CELEX: 62009CN0150
Language: en
Date: 2009-04-27 00:00:00
Title: Case C-150/09 P: Appeal brought on 27 April 2009 by Iride SpA and Iride Energia SpA against the judgment delivered by the Court of First Instance (Second Chamber) on 11 February 2009 in Case T-25/07 Iride SpA, Iride Energia SpA v Commission of the European Communities

4.7.2009   
            
            
               EN
            
            
               Official Journal of the European Union
            
            
               C 153/27
            
         Appeal brought on 27 April 2009 by Iride SpA and Iride Energia SpA against the judgment delivered by the Court of First Instance (Second Chamber) on 11 February 2009 in Case T-25/07 Iride SpA, Iride Energia SpA v Commission of the European Communities
   (Case C-150/09 P)
   2009/C 153/51
   Language of the case: Italian
   
      Parties
   
   
      Appellants: Iride SpA, Iride Energia SpA (represented by: L. Radicati di Brozolo, M. Merola, T. Ubaldi, avvocati)
   
      Other party to the proceedings: Commission of the European Communities
   
      Form of order sought
   
   
               —
            
            
               Set aside the judgment;
            
         
               —
            
            
               grant the forms of order already sought at first instance or, in the alternative, refer the case back to the Court of First Instance, pursuant to Article 61 of the Statute of the Court of Justice;
            
         
               —
            
            
               order the Commission to pay the costs of the proceedings at first instance and the appeal proceedings.
            
         
      Pleas in law and main arguments
   
   The appellants put forward two grounds of appeal in support of their claims.
   The first ground of appeal relates to an error in law in the interpretation and application of Article 253 EC with reference to a failure to state adequate reasons in the decision at issue. The Court of First Instance erred in law in finding, with regard to whether the conditions laid down in Article 87(1) EC are satisfied in the present case, that the following are sufficient for compliance with the obligation to state reasons in Article 253 EC: (i) the simple statement by the Commission that it had established that the measure in question was to be regarded as State aid; (ii) that adequate reasons could be given for the contested measure by referring to the decision to initiate the investigation procedure and an earlier separate decision of the Commission.

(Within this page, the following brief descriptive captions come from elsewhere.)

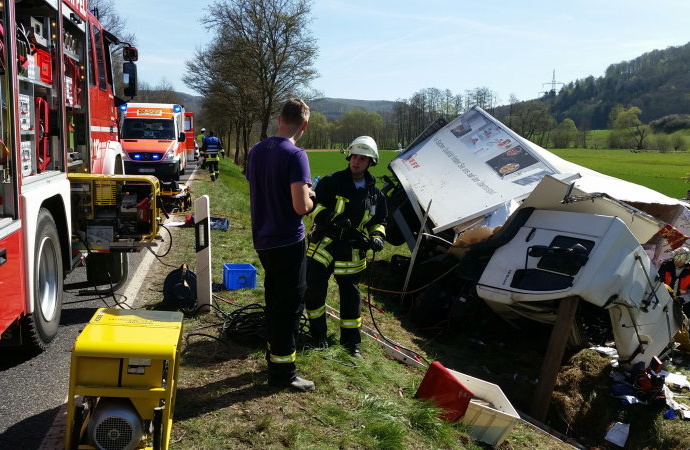 B7: LKW-Fahrer über zwei Stunden eingeklemmt B7: LKW-Fahrer über zwei Stunden eingeklemmt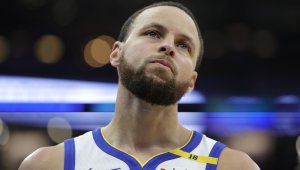 Стеф Къри става писател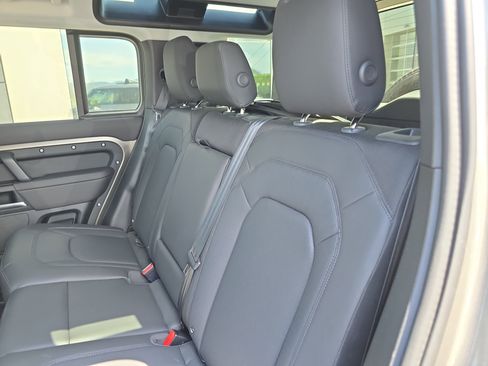 Certified 2025 Land Rover Defender 110 S AWD/4WD image 15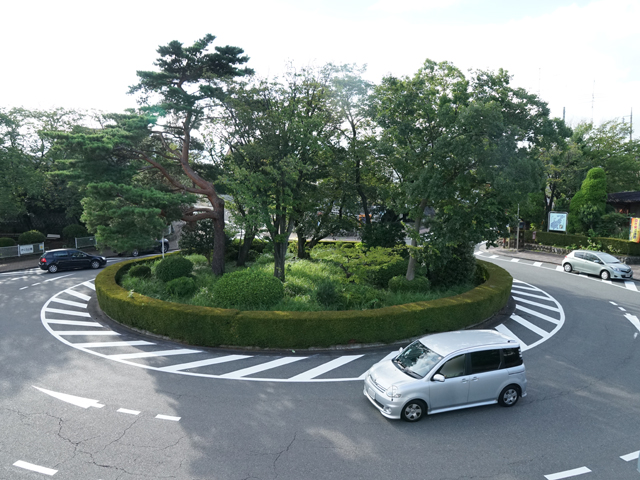 アバウト ラウンド ラウンドアバウト－日本には少ない交差点の秘密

   The second ground of appeal relates to distortion of the pleas in the action and an error in law on the part of the Court of First Instance in its assessment of the scope of the Deggendorf case-law for the purpose of the assessment of the present case. In particular, the appellants submit that the Court of First Instance:
   
               (i)
            
            
               distorted the pleas put forward by the appellants at first instance in that it claimed that they had misused the procedure for review of State aid, without, however, in fact clarifying what that misuse consisted of;
            
         
               (ii)
            
            
               failed to identify the error made by the Commission in its assessment of the scope of the judgment in Deggendorf in so far as it applies to the present case in that it failed to carry out a concrete and specific assessment of the distortion of competition and intra-Community trade resulting from the cumulative effect of the new aid and the earlier aid that had not been recovered;
            
         
               (iii)
            
            
               failed to identify the error made by the Commission in its assessment of the scope of the judgment in Deggendorf in so far as it applies to the present case in that, as a matter of fact, instead of regarding it as a further criteria in the assessment of whether aid is compatible, it made the non-recovery of earlier aid an additional and decisive condition for determining whether aid is compatible that is not provided for in the Treaty;
            
         
               (iv)
            
            
               failed to point out that the Commission’s excessive and abusive interpretation of the judgment in Deggendorf in this case has the effect of transforming that case-law into a means of penalising conduct contrary to the Treaty on the part of Member States in a manner that is not envisaged in the Treaty or secondary legislation;
            
         
               (v)
            
            
               failed to point out that, when it decided to initiate the formal investigation procedure as regards the measure notified by Italy, the Commission indicated that it was of the view that it had available to it all the information necessary to conduct its investigation into whether the measure was compatible. The Commission thereby contradicted the argument underlying the contested decision, namely that, in the course of the notification procedure, the Italian authorities and the recipient company failed to provide it with sufficient information to enable it to carry out an analysis as to whether the measure was compatible;
            
         
               (vi)
            
            
               committed a serious error in law in stating that Community case-law does not impose a requirement on the Commission to carry out a specific and detailed analysis as to whether the relevant factors enabling all the conditions laid down in Article 87(1) EC to be regarded as being satisfied are present, in order to be able to qualify the measure in question as aid.